Dante alzó las cejas con calculada frialdad. Entonces se defendió de esa mujer, y para hacerlo tuvo que atacar:

—Ya has dicho lo que tenías que decir. Ahora: ¡vete!

Isobel se mordió el labio al mismo tiempo que entrecerraba sus ojos bellamente maquillados. Lo conocía demasiado como para sentirse intimidada. Dante la observó con el detenimiento que dedica un hombre cuando una mujer le interesa. La vio vestida y maquillada de manera impecable. Se sintió asqueado. Por todo. Porque no creía en la impostura que representaba ella: la mujer fatal, la mujer elegante y fatal convencida de que es capaz de conseguir lo que quiere. Y porque él podía verla representar ese papel, pero también creía en él. Tras un instante de silencio, Isobel volvió a hablar.

—No estaba preparada entonces.

Dante sabía perfectamente a qué se refería ella, pero continuó en silencio. Ella se empecinaba en hablar del pasado de ambos y del hijo perdido. Continuó:

—Lamento tu decepción, pero una decisión tan importante sobre mi cuerpo, solamente la podía tomar yo.

Dante apoyó la nuca en la pared e inspiró profundamente. Quiso ser hiriente:

—No confundas la decepción con el desprecio.

Isobel terminó por apoyarse sobre un pie mientras medía las palabras que iba a decir.

—Aún recuerdo cuando me decías que una mujer tiene la elección final sobre su vida, su cuerpo.

Dante entrecerró los ojos hasta reducirlos a dos rendijas negras.

— ¿De qué estamos hablando? ¿De algo teórico o de nosotros dos? ¿O de mi padre y tú?

Isobel no se amilanó ante la cruda pregunta.

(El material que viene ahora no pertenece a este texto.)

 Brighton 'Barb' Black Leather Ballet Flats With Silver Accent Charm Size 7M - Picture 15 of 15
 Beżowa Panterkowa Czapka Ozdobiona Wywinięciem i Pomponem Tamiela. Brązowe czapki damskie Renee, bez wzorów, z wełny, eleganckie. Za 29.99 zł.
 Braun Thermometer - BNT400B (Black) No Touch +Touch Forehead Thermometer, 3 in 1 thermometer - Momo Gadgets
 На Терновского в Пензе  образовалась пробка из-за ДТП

Siguió como si no la hubiera dicho:

—No estaba preparada para ser madre.

—Nunca lo estarás —le respondió con desdén. —Eres incapaz de superar tu propio egoísmo.

—Estoy casada con tu padre. ¡Acéptalo!

Dante lanzó una carcajada sin humor.

— ¡Estás casada con la cuenta bancaria de mi padre! Eso es lo que acepto.

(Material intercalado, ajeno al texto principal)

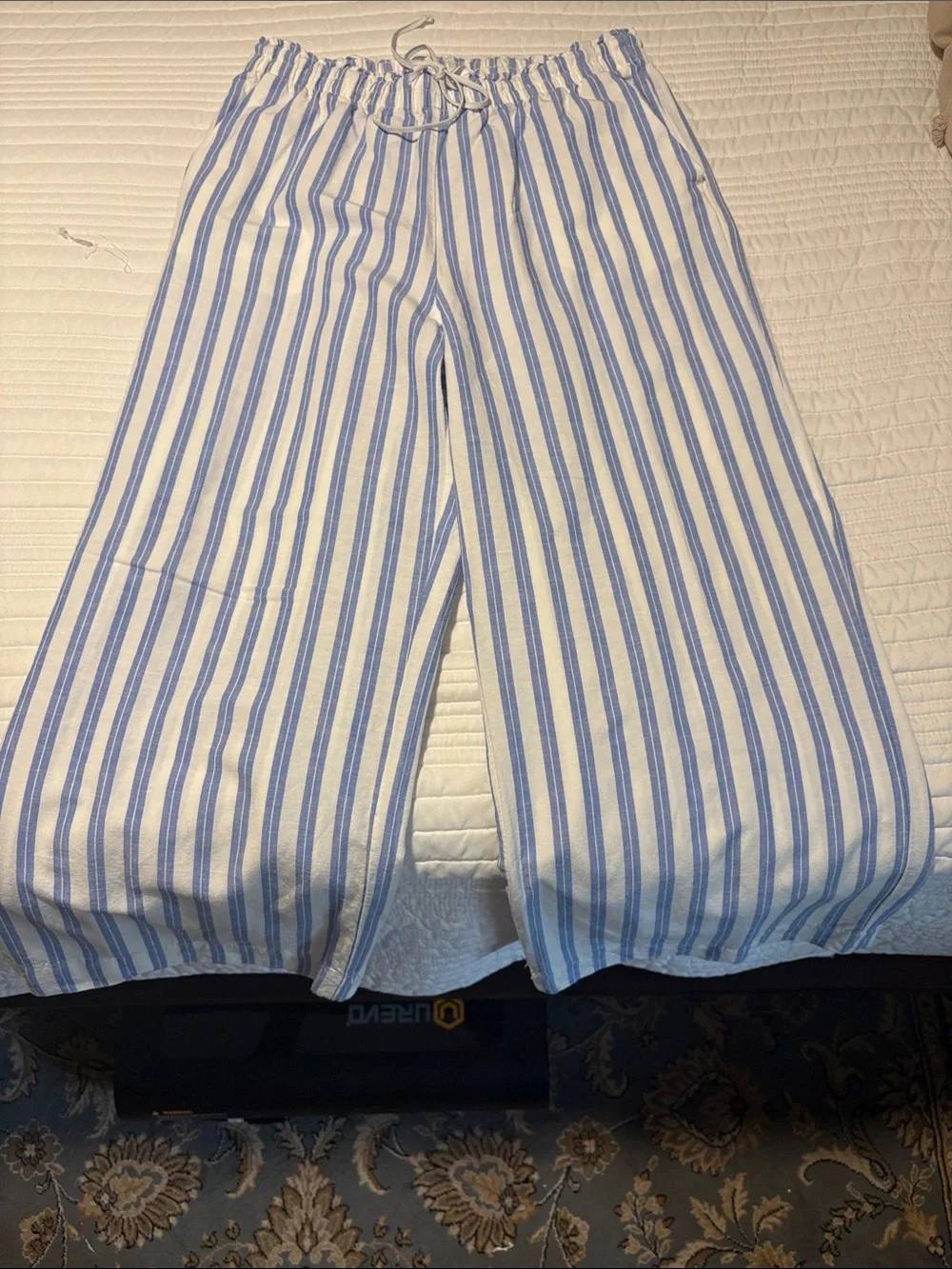 H & m Striped Blue and White Wide-Leg linen blend pants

—Ya veo que tratar de hablar contigo es perder el tiempo.

Dante no se resintió por la crítica; todo lo contrario, la sintió como un bálsamo sobre su corazón.

— ¡Ahí tienes la puerta! —le dijo, y esperaba de verdad que ella se fuera. No podía seguir haciéndose el duro mucho tiempo más. Quería que se fuera, la detestaba. Pero no podía resistírsele aún. Algo lo hizo pensar en Alins. Le indicó la salida a Isobel con la mano y se encerró en su despacho. Isobel terminó por marcharse. Cerró la puerta con un estruendo.